Trepen, pues, hombres del día. Trepen los que aspiran a gobernar, los que quieren dirigir, los que sueñan son brillos de efímero deslumbre; trepen los ambiciosos, los glotones de la riqueza, trepen los que se crean elegidos, predestinados a una hegemonía literaria, política, científica o social; trepen todos a porfía, que la masa estulta les ayudará placentera, creyendo o aparentando creer en tus promesas de gloria o de bienestar o de grandeza; en tus mentidos servicios, en tu necia superioridad.
Que mientras trepan no faltarán voces que clamen desde acá abajo por una vida sencilla, honesta, sincera. Una vida sencilla, honesta, sincera, que vendrá al derrumbarse el mundo que agoniza, que surgirá del estrépito de todas las cucañas al venirse al suelo.

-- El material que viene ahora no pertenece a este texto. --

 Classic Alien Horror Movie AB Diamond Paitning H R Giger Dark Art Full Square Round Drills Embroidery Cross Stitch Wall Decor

La fuerza de los que cifran su orgullo en su independencia, en su sinceridad, en su sencillez, es la fuerza de un mundo que se adelanta a los tiempos, que viene a todo correr para sanear la atmósfera, el ambiente social y purificar la conciencia de los individuos dotándolos del heroísmo de la verdad, del valor de ser ellos mismos, netamente ellos, sin doblez, sin fingimiento, sin hipocresía. Esta fuerza pretende que los ciudadanos no vivan del común engaño, que cada uno se confiese tal cual es, bondadoso o indiferente, egoísta o desinteresado, blanco o rojo, sabio o necio; que cada uno pueda estrechar la mano del otro sabiendo que es la mano del adversario o del amigo, la mano del héroe o la mano del sabio, la mano del necio o la mano del egoísta. Cada hombre vale tanto más cuanto más francamente se muestra tal cual es. Necesitamos tener el valor de nuestra propia personalidad.
Mostrémonos como somos. Si abrigamos una ambición personal, no nos finjamos redentores del prójimo; si corremos tras la riqueza, no aparentemos una piedad que no se siente, una religiosidad que no pasa de los labios. Tengamos el valor de ser nosotros mismos.

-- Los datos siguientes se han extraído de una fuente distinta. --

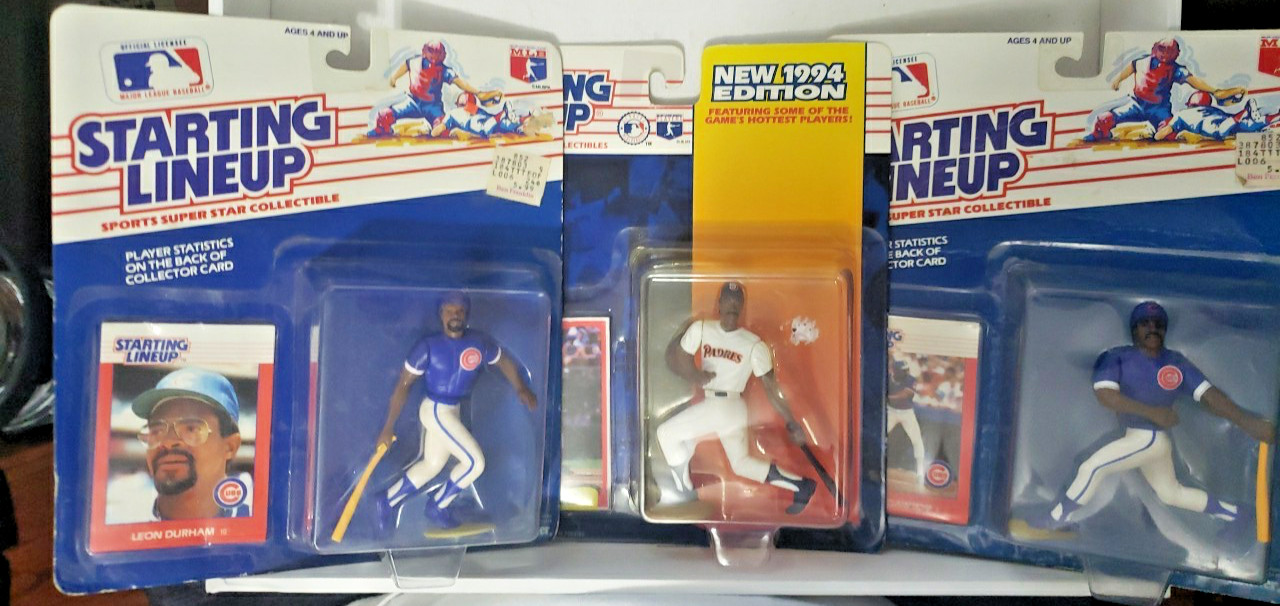 3 Diff. Starting Line Up In Package, Leon Durham, Andre Dawson, Derek Bell.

Y cuando tengamos este valor habremos vuelto a la vida honesta y sencilla, a la verdad simple y neta. No hay mayor gloria que la tranquilidad de ser probo, leal, franco, abiertamente franco y noblemente desinteresado. Volvamos, sí, a las costumbres modestas, a las costumbres de independencia, de sencillez, de honestidad.

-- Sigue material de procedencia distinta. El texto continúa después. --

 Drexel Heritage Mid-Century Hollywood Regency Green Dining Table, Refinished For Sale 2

El ambiente de mentiras, de ambiciones, de vanidades, de concupiscencia, corroe las entrañas de la sociedad y corroe nuestras propias entrañas. Estamos en plena peste de embustes, de fatuidades, soberbiamente engreídos de nuestra maldad.
Llamemos a todas las puertas, forcémoslas, si es preciso: que nuestra personalidad se ofrezca a la contemplación pública como entre cristales diáfanos.
Que de todos lados partan voces haciendo un llamamiento vigoroso a la sencillez, a la independencia y a la honestidad. Cifremos en ello nuestro orgullo. Es menester ser sinceros hasta el heroísmo.
Las pestes se vencen a fuerza de higiene. La higiene social tiene un nombre: verdad.
La verdad será el gran reactivo que nos devuelva al dominio de nosotros mismos.
Digamos, impongamos la verdad tercamente, sin arredrarnos por nada, hasta con los puños, si es necesario. Que la verdad sea el cauterio implacable de todas las llagas que nos apestan, asfixiándonos en una atmósfera de muerte.
La verdad nos emancipará.
- Acción Libertaria, núm. 22, Madrid 17 de Octubre de 1913.